-¿Por qué a Kiev? –pregunta mi mamá cuando le cuento que tengo tickets de avión para ir a la capital de Ucrania. Buena pregunta si consideramos que, en rigor, no hay nada que me conecte a esta ciudad ni a su cultura.
La respuesta la dejo invernar un rato.
Estar lejos del hogar y la familia, de los amigos de toda la vida, de las calles y barrios y costumbres, genera casi siempre nostalgia o saudade, como apuntan los portugueses. Palabra esquiva, saudade, de difícil traducción, jodida porque no es mera nostalgia; se acerca a lo que Valeria Luiselli ensaya en su libro Papeles falsos: “No es nostalgia y no es melancolía: quizá la saudade tampoco sea saudade”, dice. Y más adelante: “Es la presencia de una ausencia: una punzada en un miembro fantasma…”

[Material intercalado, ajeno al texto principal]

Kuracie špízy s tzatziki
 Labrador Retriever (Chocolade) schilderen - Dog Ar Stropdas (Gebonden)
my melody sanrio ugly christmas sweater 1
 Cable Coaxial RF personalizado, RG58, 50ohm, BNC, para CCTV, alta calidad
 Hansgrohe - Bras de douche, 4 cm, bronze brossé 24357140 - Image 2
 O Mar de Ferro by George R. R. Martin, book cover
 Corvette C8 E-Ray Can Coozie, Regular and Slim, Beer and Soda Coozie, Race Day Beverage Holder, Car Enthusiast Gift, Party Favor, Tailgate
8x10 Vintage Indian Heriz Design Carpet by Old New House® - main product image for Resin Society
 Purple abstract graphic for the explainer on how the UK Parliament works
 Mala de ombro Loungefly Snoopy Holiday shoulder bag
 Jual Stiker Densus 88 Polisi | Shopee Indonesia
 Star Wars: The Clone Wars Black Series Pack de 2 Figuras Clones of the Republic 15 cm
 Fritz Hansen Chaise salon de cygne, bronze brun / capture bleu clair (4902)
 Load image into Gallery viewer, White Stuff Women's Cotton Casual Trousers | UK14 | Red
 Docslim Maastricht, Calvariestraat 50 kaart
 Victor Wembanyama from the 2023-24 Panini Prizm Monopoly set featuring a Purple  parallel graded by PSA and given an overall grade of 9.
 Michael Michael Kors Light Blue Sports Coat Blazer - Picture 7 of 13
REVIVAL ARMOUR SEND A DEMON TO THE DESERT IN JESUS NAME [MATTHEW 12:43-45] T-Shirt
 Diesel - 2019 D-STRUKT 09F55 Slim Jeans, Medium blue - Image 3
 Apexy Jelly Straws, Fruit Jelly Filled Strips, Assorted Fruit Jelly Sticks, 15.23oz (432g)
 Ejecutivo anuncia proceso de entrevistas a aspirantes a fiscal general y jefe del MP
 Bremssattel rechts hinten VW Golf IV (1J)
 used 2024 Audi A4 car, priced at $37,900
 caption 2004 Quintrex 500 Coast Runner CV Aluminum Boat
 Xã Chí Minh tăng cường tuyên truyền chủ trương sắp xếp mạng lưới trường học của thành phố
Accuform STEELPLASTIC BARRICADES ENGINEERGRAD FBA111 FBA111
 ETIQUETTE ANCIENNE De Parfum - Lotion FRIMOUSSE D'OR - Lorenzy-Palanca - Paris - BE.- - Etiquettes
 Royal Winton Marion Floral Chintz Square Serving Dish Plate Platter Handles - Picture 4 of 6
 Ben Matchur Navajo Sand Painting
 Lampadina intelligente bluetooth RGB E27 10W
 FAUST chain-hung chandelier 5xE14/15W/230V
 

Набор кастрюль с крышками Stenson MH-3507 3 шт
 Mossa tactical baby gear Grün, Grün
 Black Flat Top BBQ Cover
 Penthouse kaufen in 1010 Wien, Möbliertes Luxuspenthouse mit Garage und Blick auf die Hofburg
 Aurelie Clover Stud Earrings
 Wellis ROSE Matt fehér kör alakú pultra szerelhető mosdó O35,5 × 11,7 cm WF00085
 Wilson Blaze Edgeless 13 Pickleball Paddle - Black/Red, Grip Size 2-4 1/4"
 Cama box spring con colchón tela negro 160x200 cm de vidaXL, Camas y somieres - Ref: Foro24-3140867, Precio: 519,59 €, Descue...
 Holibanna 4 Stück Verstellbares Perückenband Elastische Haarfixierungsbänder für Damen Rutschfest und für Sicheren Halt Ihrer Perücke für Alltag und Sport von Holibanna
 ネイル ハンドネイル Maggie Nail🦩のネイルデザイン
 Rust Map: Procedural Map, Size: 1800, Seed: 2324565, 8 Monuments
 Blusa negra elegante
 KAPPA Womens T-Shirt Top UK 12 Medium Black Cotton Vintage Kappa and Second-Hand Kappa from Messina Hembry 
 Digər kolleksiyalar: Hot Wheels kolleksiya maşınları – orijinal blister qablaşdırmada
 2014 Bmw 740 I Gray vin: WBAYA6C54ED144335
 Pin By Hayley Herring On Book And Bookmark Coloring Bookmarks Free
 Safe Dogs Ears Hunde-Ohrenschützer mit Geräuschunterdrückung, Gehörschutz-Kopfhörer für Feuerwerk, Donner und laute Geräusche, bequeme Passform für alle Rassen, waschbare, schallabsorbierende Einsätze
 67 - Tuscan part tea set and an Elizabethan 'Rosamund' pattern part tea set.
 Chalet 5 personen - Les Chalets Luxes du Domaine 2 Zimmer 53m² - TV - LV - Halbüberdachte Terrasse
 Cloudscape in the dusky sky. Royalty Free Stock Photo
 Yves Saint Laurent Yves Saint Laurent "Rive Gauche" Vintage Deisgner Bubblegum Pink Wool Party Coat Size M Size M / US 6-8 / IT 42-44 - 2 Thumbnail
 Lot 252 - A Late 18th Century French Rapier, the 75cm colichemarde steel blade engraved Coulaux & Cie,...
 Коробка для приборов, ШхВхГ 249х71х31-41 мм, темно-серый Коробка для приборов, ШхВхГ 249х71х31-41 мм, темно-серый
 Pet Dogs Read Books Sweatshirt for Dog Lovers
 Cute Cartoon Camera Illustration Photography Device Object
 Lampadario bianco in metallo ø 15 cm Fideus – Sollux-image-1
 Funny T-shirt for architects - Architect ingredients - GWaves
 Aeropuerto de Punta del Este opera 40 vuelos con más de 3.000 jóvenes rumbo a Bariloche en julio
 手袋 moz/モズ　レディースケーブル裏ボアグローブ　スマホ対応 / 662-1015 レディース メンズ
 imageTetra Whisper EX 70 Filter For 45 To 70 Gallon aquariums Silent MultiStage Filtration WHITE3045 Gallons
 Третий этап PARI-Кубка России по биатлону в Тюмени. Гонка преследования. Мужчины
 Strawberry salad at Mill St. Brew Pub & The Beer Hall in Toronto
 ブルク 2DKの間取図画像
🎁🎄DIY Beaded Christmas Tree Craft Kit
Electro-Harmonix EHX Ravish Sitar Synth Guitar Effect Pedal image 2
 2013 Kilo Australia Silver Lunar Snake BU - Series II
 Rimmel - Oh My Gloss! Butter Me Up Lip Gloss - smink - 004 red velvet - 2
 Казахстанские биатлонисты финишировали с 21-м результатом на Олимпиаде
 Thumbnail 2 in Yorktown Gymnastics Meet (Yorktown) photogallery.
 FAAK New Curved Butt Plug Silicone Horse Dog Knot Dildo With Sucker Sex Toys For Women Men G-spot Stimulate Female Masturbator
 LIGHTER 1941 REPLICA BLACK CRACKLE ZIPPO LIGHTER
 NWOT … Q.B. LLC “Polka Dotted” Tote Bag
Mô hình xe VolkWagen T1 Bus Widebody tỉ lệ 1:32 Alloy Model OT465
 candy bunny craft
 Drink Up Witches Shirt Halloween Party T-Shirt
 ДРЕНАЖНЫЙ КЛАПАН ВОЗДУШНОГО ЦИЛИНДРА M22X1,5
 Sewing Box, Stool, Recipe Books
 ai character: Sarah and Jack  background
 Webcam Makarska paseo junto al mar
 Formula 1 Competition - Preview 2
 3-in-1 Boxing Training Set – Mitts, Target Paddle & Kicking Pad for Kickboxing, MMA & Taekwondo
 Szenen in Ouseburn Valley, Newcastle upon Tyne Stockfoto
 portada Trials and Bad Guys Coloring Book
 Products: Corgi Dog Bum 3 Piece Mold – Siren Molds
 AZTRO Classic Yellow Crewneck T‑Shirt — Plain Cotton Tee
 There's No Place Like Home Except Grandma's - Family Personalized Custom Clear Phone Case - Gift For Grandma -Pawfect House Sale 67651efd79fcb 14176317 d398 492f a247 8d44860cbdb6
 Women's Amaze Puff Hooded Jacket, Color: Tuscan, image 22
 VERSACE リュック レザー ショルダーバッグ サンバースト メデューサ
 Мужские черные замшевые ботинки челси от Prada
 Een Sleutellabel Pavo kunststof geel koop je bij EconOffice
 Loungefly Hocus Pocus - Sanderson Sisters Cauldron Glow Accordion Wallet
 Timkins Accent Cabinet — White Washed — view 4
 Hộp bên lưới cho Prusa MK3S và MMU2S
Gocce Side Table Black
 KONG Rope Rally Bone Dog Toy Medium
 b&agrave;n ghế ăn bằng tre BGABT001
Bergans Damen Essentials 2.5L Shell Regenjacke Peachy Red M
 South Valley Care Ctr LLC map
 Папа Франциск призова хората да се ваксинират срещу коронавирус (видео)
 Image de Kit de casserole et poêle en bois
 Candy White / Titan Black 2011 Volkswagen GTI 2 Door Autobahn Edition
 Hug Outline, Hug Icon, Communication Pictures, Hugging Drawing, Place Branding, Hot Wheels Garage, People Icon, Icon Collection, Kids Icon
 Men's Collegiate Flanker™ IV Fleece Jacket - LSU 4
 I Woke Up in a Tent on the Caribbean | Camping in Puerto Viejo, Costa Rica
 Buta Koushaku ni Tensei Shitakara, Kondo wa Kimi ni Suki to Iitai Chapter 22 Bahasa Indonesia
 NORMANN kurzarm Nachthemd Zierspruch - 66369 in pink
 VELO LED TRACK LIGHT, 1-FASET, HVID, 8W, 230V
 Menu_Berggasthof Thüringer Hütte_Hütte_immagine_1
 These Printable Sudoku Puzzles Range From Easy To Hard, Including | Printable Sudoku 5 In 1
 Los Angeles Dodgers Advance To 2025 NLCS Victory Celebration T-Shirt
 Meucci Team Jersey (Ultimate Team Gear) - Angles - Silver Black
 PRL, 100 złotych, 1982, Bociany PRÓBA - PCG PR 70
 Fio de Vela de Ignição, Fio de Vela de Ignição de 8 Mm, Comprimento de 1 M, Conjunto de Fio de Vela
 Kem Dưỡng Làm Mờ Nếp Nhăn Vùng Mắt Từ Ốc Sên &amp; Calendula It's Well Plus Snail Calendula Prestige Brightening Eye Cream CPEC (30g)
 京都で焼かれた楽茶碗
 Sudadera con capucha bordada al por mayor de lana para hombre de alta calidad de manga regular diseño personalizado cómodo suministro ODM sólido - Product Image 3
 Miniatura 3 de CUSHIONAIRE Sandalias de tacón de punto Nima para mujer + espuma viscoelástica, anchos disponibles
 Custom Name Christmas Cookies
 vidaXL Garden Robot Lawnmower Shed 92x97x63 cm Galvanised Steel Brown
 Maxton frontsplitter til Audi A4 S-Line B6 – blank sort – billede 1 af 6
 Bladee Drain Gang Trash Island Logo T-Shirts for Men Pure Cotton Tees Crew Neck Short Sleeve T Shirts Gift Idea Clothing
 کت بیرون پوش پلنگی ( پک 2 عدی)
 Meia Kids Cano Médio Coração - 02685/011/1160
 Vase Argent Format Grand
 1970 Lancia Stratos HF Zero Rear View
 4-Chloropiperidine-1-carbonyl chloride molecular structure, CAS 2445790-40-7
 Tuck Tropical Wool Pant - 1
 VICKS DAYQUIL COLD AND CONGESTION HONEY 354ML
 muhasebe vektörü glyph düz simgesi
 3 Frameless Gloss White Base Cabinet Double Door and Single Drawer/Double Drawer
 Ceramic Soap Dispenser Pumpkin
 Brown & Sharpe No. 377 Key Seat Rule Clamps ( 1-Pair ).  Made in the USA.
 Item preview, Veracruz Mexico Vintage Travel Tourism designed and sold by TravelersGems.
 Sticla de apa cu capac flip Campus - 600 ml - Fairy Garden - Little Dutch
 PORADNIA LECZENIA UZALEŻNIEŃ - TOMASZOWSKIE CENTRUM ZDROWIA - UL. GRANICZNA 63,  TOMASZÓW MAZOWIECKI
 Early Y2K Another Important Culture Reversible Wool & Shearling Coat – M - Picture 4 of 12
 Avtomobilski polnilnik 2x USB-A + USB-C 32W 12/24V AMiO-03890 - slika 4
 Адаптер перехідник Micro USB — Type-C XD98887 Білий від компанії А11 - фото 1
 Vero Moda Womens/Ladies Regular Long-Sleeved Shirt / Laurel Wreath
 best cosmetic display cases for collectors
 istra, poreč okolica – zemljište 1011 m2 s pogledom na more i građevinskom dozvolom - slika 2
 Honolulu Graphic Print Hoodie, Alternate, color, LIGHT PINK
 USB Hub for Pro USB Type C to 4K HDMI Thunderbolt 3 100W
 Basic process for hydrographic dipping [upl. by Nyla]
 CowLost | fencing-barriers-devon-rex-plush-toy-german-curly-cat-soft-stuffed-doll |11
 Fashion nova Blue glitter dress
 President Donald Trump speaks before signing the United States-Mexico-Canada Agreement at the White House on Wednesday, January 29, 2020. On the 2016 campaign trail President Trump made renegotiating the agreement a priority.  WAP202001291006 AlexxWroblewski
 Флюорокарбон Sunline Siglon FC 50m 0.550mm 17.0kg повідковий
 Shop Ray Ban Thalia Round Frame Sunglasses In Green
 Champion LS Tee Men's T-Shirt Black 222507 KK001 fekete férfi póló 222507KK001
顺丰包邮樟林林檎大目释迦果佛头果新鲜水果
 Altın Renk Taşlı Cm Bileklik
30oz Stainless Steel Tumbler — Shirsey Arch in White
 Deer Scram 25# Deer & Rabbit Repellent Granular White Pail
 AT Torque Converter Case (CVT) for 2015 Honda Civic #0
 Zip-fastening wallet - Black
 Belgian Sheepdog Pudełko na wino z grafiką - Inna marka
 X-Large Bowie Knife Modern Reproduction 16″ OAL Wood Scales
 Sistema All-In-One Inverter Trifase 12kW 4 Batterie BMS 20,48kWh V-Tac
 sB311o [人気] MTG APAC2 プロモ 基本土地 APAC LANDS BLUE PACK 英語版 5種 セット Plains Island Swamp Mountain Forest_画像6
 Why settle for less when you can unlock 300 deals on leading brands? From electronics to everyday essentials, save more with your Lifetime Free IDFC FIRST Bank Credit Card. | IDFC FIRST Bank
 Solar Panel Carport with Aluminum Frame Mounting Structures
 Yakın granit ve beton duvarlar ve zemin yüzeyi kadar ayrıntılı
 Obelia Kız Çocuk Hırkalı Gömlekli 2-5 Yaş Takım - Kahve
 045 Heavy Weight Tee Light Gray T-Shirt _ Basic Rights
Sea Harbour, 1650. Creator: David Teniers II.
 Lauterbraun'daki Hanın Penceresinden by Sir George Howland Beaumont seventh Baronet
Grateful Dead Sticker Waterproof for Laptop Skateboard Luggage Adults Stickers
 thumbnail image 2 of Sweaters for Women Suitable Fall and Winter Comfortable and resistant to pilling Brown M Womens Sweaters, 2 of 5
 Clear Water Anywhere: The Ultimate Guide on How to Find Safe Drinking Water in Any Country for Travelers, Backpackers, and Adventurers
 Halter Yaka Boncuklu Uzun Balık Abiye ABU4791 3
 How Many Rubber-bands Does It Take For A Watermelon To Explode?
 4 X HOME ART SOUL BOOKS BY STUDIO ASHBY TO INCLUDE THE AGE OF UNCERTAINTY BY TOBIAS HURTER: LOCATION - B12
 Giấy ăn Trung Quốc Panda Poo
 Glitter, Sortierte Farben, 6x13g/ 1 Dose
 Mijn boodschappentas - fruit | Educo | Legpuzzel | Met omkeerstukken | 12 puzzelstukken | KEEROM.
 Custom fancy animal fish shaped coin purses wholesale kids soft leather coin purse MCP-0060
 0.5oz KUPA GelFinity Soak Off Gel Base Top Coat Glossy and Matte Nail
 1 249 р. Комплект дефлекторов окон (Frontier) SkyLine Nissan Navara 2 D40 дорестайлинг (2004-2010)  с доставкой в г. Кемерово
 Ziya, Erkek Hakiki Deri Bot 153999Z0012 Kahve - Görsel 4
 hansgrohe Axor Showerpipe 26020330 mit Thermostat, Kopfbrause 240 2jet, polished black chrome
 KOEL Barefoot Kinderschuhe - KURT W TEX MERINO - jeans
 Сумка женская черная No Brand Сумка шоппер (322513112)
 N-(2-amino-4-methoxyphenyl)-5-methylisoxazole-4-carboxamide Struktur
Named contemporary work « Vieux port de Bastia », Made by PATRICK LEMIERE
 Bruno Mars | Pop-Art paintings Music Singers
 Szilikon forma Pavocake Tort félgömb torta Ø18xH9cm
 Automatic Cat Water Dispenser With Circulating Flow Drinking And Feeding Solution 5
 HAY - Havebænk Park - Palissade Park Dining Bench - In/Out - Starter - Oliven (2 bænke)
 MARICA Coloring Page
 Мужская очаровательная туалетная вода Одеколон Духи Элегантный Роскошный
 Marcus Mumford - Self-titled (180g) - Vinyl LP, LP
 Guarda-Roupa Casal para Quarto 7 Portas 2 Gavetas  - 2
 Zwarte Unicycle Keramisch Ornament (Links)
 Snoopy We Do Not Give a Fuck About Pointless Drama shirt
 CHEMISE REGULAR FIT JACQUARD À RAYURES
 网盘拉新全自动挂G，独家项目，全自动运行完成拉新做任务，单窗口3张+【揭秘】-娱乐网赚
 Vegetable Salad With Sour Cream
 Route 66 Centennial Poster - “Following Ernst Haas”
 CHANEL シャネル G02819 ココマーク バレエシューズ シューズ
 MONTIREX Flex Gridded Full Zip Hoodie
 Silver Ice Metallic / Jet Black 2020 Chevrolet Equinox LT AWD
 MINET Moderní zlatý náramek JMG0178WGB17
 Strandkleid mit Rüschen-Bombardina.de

¿Pero qué pasa cuando llevas mucho tiempo en un lugar distinto al “hogar”, tanto que el hogar necesariamente deriva y se reconvierte, en parte, en aquel otro u otros lugares?
Ya van algunos años desde que llegué de Santiago de Chile a Madrid, y estas son preguntas que, tarde o temprano, supongo, cualquiera que muda de residencia -que muda, que muta- acaba haciéndose.
¿Dónde está el hogar? ¿Cuál es? ¿Existe un solo hogar o múltiples o allá donde uno vaya, como los caracoles, se lleva el hogar a cuestas?
Casi todas las personas con quienes he estrechado lazos durante estos últimos años (también antes en Chile, pero por razones obvias en menor medida) provienen o han vivido o se criaron o están a punto de emigrar a otros sitios y, sin embargo, ninguno es un desterrado o, menos, un exiliado.
Al revés. De hecho, creo que un lugar es más propio cuando lo eliges que cuando te toca.
Y estén lejos o cerca, estas personas se han transformado para mí, cada uno, en un rincón de lo que considero también mi hogar, un hogar que con ellos no sólo es más amplio, sino más cálido y más rico y mucho más divertido. Porque hogar, a fin de cuentas, tiene que ver con afectos más que con territorios geográficos.
Pero existe un tipo de añoranza que quizá no tiene que ver con los afectos, sino con otra cosa. Otro tipo de nostalgia análoga y al mismo tiempo opuesta a la saudade.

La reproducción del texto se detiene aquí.